Dr. Jocelynne Rainey Honored with Sweetwater Clifton ‘City Spirit’ Award
This Monday, on Martin Luther King Jr. Day, the New York Knicks honored our President & CEO Dr. Jocelynne Rainey with the Sweetwater Clifton ‘City Spirit’ Award, in recognition of her community work and her long career exemplifying the leadership and community service of Dr. King's legacy.
The Sweetwater Clifton ‘City Spirit’ Award pays tribute to local heroes who have made a significant difference in the lives of others. The award is named in honor of the late Knicks great, Nat “Sweetwater” Clifton, who was the first African-American to play for the Knickerbockers. Recipients of this award epitomize the same trailblazing characteristics of the Knicks Legend.
In the interview below, Dr. Rainey discusses her work, motivation, and what it means for her personally to win the Sweetwater award.
What motivates or inspires you?
Dr. Rainey: Today I am most motivated by the nonprofits that ensure that their communities have the services and resources they need to thrive. These lifelines provide much needed education programs, address food insecurity and housing instability, organize and advocate for their communities. They do this work often under resourced themselves, but they understand that what they do is critical to the people they serve.
What does it mean to win the Sweetwater award?
Dr. Rainey: It is an honor to receive the Sweetwater award on the day we recognize the work of Dr. Martin Luther King Jr. I have spent the bulk of my career working to ensure equity and opportunity in the spaces where I have even a smidgen of power. In this moment, to even be mentioned a along with Martin Luther King Jr., a man I will never measure up to but strive every day to live and act in ways that continue his unfinished work, means that I am doing the WORK. The Sweetwater Award is the recognition that my career dedicated to racial and economic justice has made an impact in my community.
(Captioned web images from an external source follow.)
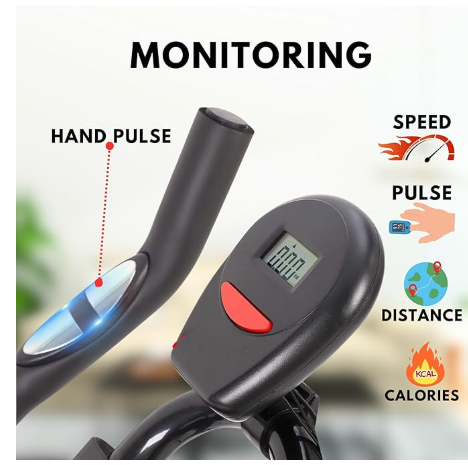 BIONFIT Spin z2 Exercise Bike for Home | Gym Cycle for Cardio Fitness & Workout with 6 kg Flywheel | Adjustable Resistance & LED Display, Cushioned Seat | Indoor Spin Bike Cycling Machine for Men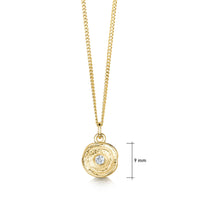 Lunar Diamond Petite Pendant in 9ct Yellow Gold by Sheila Fleet Jewellery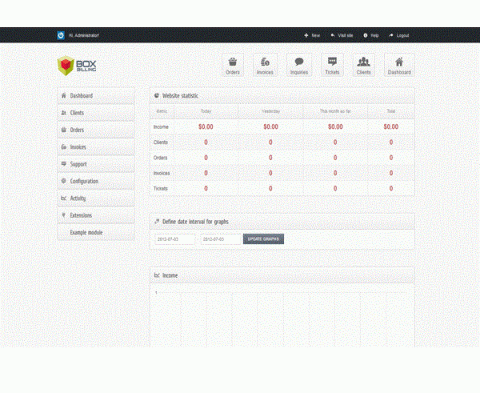 BoxBilling - Free Open Source Client Management Software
"Make a career of humanity. Commit yourself to the noble struggle for equal rights. You will make a better person of yourself, a greater nation of your country, and a finer world to live in." – Dr. Martin Luther King Jr.
What would you like to be remembered for?
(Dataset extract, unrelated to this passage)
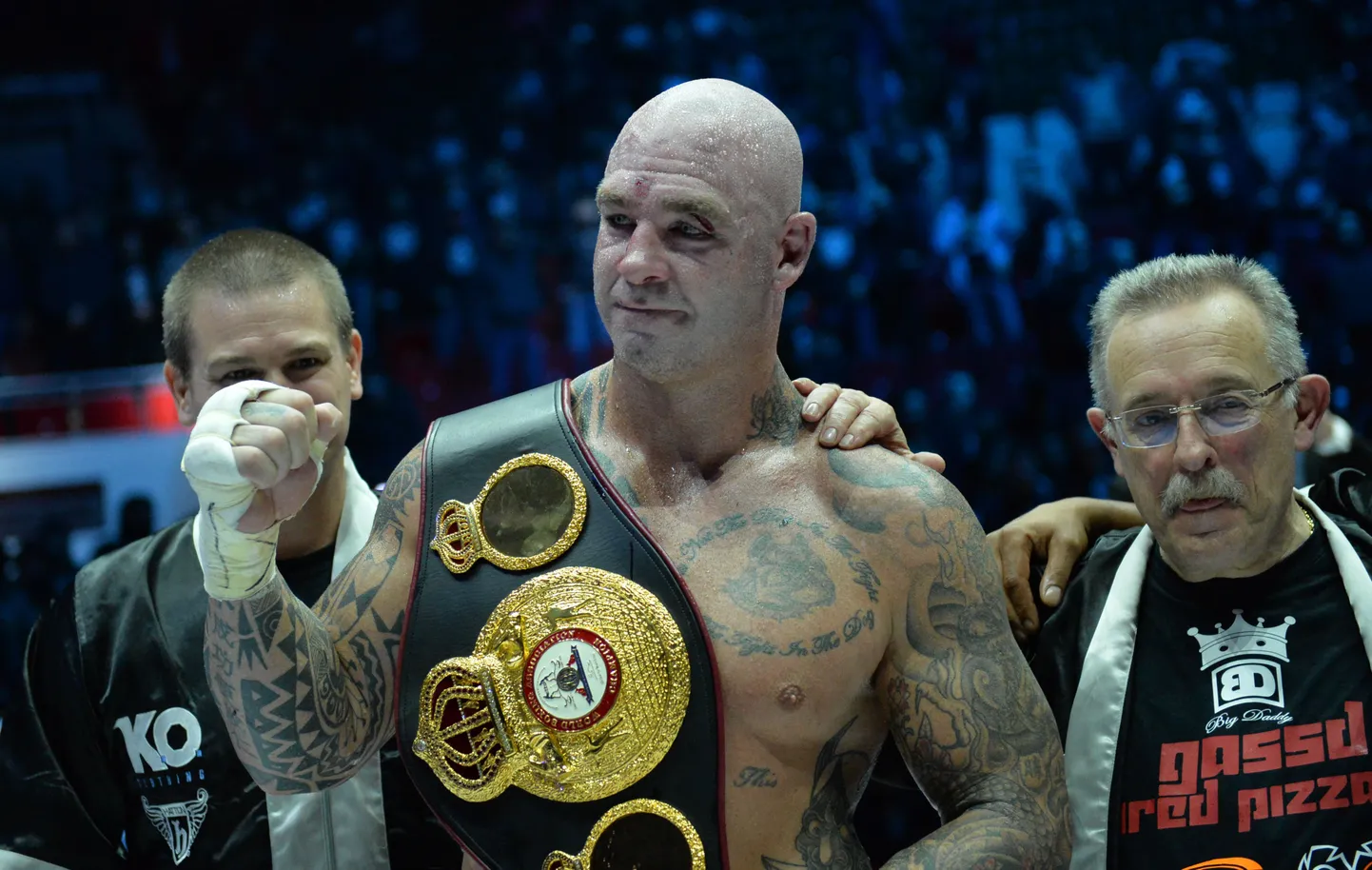 Lucas Browne pärast Ruslan Tšagajevi alistamist WBA meistrivööga.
Dr. Rainey: I would like to be remembered as a woman that was unapologetically committed to leveling the playing field for those impacted by structural racism.
What are you most proud of, your organization?
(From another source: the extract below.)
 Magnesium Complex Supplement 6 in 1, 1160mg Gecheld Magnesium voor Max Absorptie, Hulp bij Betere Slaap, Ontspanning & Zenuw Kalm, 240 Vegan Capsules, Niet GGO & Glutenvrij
Dr. Rainey: I am most proud that Brooklyn Community Foundation does philanthropy differently. Our approach is truly community-led. We look to the community to advise and inform where funding should go to best support Brooklyn’s communities. We visit and learn from people who live in the community, and this informs our grant making strategy. We walk the walk to help us to meet our mission to create a more fair and just borough.